Great post. I agree that no replay is better than too much. And I love the point about the spirit of sport - non stop action, fun, less analysis.mountaincat wrote: ↑Tue Aug 01, 2017 4:49 ammany years ago there was an early morning show carried on 1040 called "the first team on fox", hosted by steve czaban out of washington dc. by the time 1040 affilated with fox sports radio and picked up this show, it didn't have a very long run before it was axed by fox, which has never managed to find a stable longterm replacement for that time slot. call it the curse of "the czabe". anyway, in my relatively short time listening to the show on our local station, i kinda got hooked on this guy's intelligent and frequently contrarian takes (only on sports -- when he has veered into non-sports stuff at times, he comes off as a wannabe shock jock). i've followed him on and off over the years as some version of the show has lived on somehow on this or that network (currently, i pick it up on podcast from espn980 in washington). he's been doing sports radio for 25 years.
to cut to the point, for the last few years, he's been steadily beating a very contrarian drum on this issue of replay. his solution: get rid of it. completely. replay reviews are killing sports, especially football. the game was meant to be played at, and enjoyed at full speed, and you either accept it that way, with human error, or you over-analyze, over-technologize, and -- if you take it to its logical conclusion with 4k and much higher resolutions on the way -- over-quantify every possible play to an absurdly granular level, where we will be zooming in on individual blades of grass or pellets of fieldturf to see if a player's foot landed in bounds or not.
no one knows what a catch is anymore in the NFL. no one knows what PI is in the CFL. replay isn't helping, it's making it worse. and it's slowing down what is supposed to be a fast, exciting game and making it boring.

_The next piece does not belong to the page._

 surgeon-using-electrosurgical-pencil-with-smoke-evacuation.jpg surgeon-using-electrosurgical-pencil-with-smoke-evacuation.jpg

it's the blind faith that technology will solve all human shortcomings that led us here. the thing is, technological tools are not themselves neutral or flawless, and are only as good as the human hands that wield them and the human biases that go into their design and application. replay reviews in football are being used clumsily and changing the game for the worse. you either continue to awkwardly wrestle with this technology while the game slowly dies, or hand it all over to the coming AI computers to decide (might sound crazy now, but today's replay tech would've sounded crazy a few generations ago), or... you live with the occasional missed call like we all used to before. was it purrfect then, of course not. is it purrfect now, hell no. there's no such thing as purrfect. this is supposed to be a game. it's supposed to be fun, to play and to watch. you're supposed to run around, get the ball in the other team's end zone, and keep it outta yours... not analyze to death every minor detail of every single slightly ambiguous play or call.

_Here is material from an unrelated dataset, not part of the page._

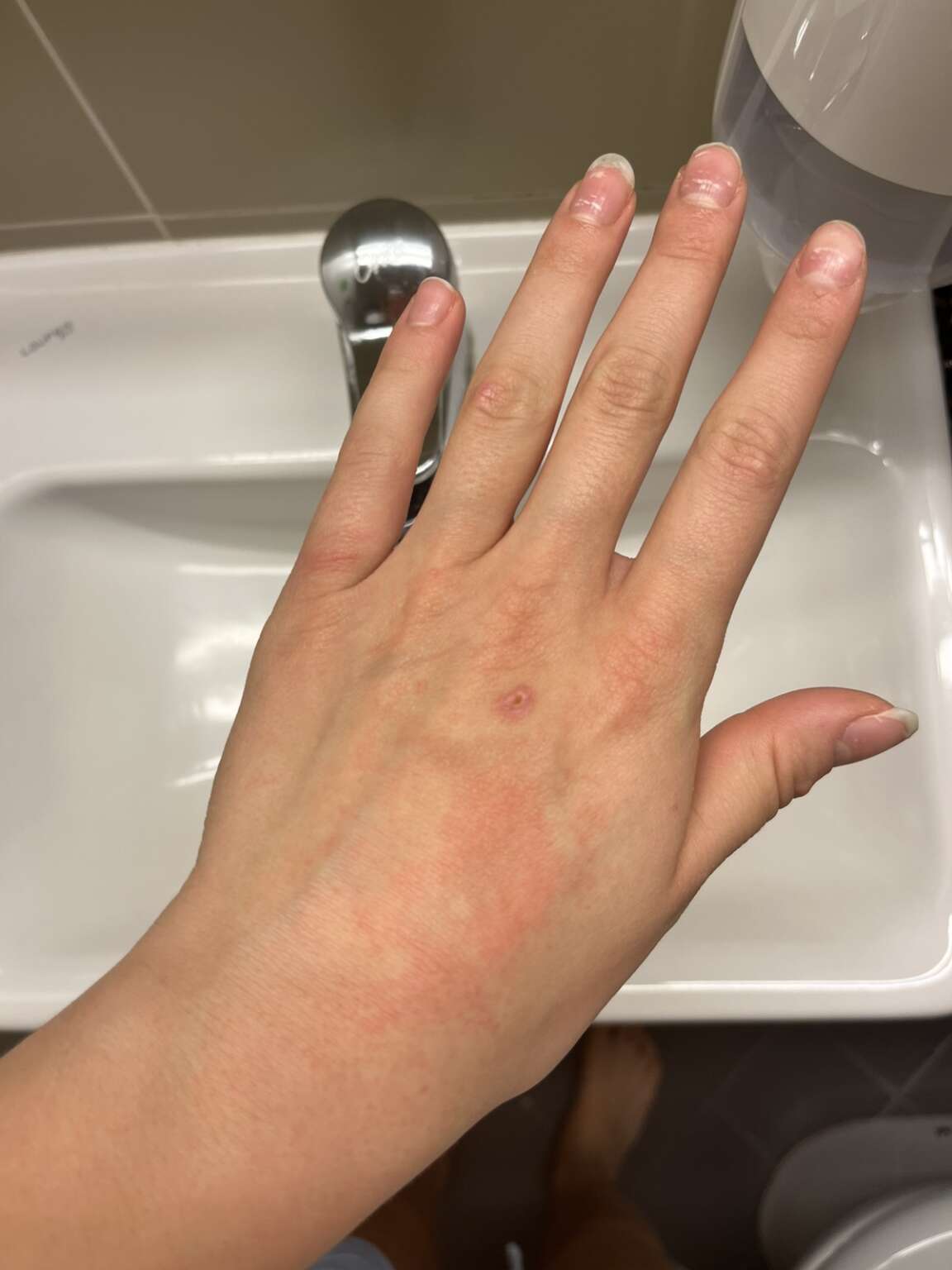 Retitren Forum - akne in Retitren (Roaccutane, izotretinoin) - Dermatologija.si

I do think replay has the potential to improve sports. For example, tennis executes the replay brilliantly. In fact, it goes beyond just getting the call right, it adds another element of excitement and suspense for the fans. Here's why imo: 1) it's fast. 2) the fans see it in real time 3) the graphic was made fan-friendly, as part of the fan experience.
Here's where baseball does it correctly: judgment calls are not reviewable!
That PI review and over turning on 3rd down vs Edmonton highlights why judgment calls should not be reviewable.
I don't like automatic review on scoring and turnovers, as these slow the game and are often completely unnecessary. Give the coaches the option to challenge once per half, narrow the scope of reviewable plays, and improve the quality and speed of the reviews.